*** Opening INFORMATION ***

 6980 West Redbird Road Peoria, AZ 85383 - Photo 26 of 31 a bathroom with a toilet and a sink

*** Closing INFORMATION ***
*** Opening INFORMATION ***

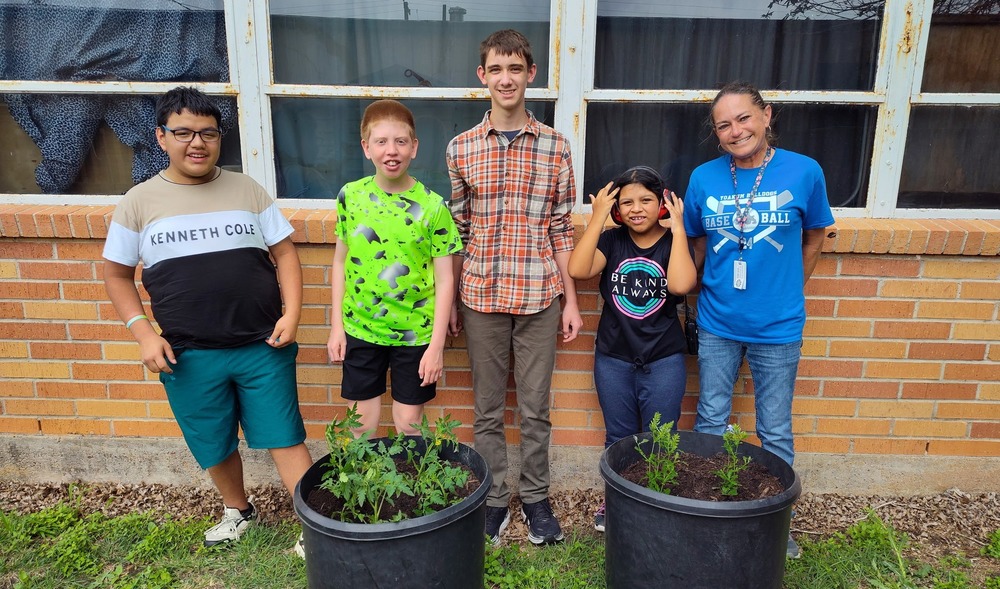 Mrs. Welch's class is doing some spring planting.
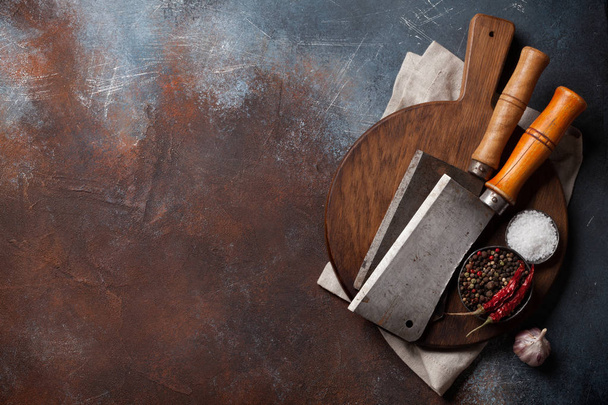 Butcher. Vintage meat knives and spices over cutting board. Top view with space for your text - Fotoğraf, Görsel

*** Closing INFORMATION ***

**WHAT NEEDS TO BE DONE:**
If a picture sits between the line containing "Mrs. Welch's class" and the line containing "Butcher. Vintage meat", leave it out, and return the lines of that range above exactly, both ends included.

**WRITTEN SOLUTION:**
 Mrs. Welch's class is doing some spring planting.
 Butcher. Vintage meat knives and spices over cutting board. Top view with space for your text - Fotoğraf, Görsel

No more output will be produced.